As discussed, Agda resolves not explicitly provided instance arguments using a resolution strategy that tries to select a unique type-correct value from the call-site scope. It is important to remark that this resolution strategy is less powerful than the equivalent instance search for Haskell type classes. Suppose we have the following definitions:

 record Eq (t : Set) : Set where
   field _==_ : t → t → Bool

And we bring in scope the record functions taking the record as an instance argument:

 open module EqWithImplicits {t : Set} {{eqT : Eq t}} = Eq EqT

Then we could have the following equivalent of a Haskell parameterised class instance:

 listEq : {A : Set} → Eq A → Eq (List A)
 listEq {A} eqA = record { _==_ = eq } where
   eq : List A → List A → Bool
   eq [] [] = true
   eq (a ∷ as) (b ∷ bs) = and (Eq.eq eqA a b) (eq' as bs)
   eq _ _ = false

However, if we try to use this, Agda will not automatically try to apply this parameterised instance to obtain a value of Eq t.

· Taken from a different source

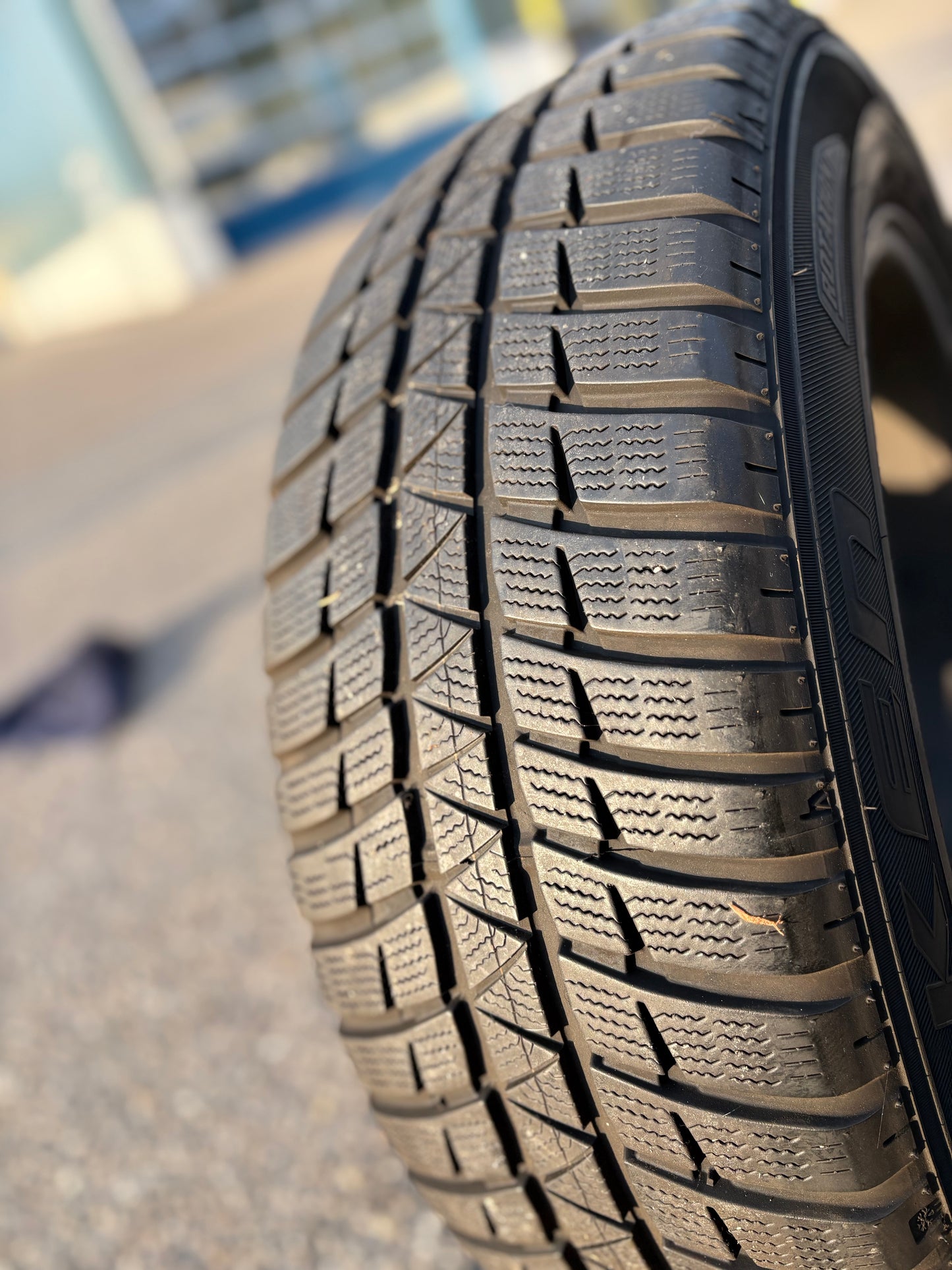 4x
R³ Wheels R3H01 black in 18 Zoll inkl. Winterreifen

The following will cause a type error, saying that no value of type Eq (List Bool) was found in scope:

 postulate boolEq : Eq Bool
 test = (true ∷ false ∷ []) == []

Unlike in Haskell, we need to help Agda to find a correct instance:

 test = (true ∷ false ∷ []) == []
    where eqListBool = listEq boolEq

This limitation of the power of the instance search power was introduced to prevent the instance search from being exploited as a computational primitive. However, as a consequence, Agda does require a bit more guidance than Haskell to find the correct instance in situations such as this one.